D’ailleurs, deux ans après
que le Moyen-Orient ait accueilli sa première Coupe du Monde, l’ONG Human Rights Watch rapportait dans une enquête en date du 20
novembre 2023 les difficultés auxquelles sont confrontés les travailleurs sur
les chantiers de la mise en place de la compétition au Qatar, qui
rencontrent tout une série d’obstacles pour obtenir justice – et ce, même
lorsque les tribunaux statuent en leur faveur grâce à la compétence universelle
permettant à un État de poursuivre et de juger une infraction même si celle-ci
n'a pas été commise sur son territoire.
Bien qu'un petit nombre de
travailleurs aient pu bénéficier d'une assurance-vie pour aider les familles
des travailleurs migrants décédés, ou de fonds d’investissement pour rembourser
les frais de recrutement, Human Rights Watch est catégorique : « la FIFA
semble répéter les graves erreurs commises lors de la phase de préparation de
la Coupe du monde 2022, qui a duré douze ans ».
Des « erreurs » dont
le président de la FIFA semble ne pas se formaliser outre-mesure, ni même se
justifier. A l’occasion d’une série de conférences de presse à quelques jours
de l'ouverture du Mondial qatari, et face aux questions insistantes, Gianni
Infantino avait ainsi souligné la nécessité de « se concentrer sur le
football » et de ne pas « se lancer dans des batailles idéologiques ou
politiques ». « Dans un monde divisé, la FIFA et le football apportent
de l'unité », s’était-il borné à ajouter.
Des scandales en Espagne qui
ne rassurent pas
Outre les menaces pour les
droits de l’homme, il faut ajouter que le contexte général pour l’organisation
de la Coupe du Monde 2030 est loin d'être favorable, surtout en Espagne, où le
football traverse une crise institutionnelle majeure. Des controverses, telles
que la condamnation de l’ancien président de la Fédération espagnole de
football, Luis Rubiales, pour avoir embrassé sans consentement la joueuse Jenni
Hermoso lors de la victoire de l’Espagne à la Coupe du monde féminine 2023,
ainsi que des scandales anti-sportifs, impliquant des accusations de corruption
et de blanchiment d’argent, ternissent l'image du pays.

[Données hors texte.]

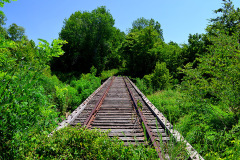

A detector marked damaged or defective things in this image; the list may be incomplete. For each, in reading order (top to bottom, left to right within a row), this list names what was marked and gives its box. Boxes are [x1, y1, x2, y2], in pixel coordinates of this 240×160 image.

rusty rail [83, 76, 115, 127]
rusty rail [123, 77, 164, 159]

Avec ces récents scandales ainsi
que le rapport d’Amnesty International, sans compter les imprévus qui
pourraient survenir dans les six prochaines années à venir, il semble évident
que le chemin sera parsemé d'embûches pour la FIFA. L’occasion de voir si la
compétition, qui célèbrera son centenaire, sera à l’image des précédentes
éditions : une énième catastrophe en termes de droits humains, ou bien une
véritable fête internationale du football.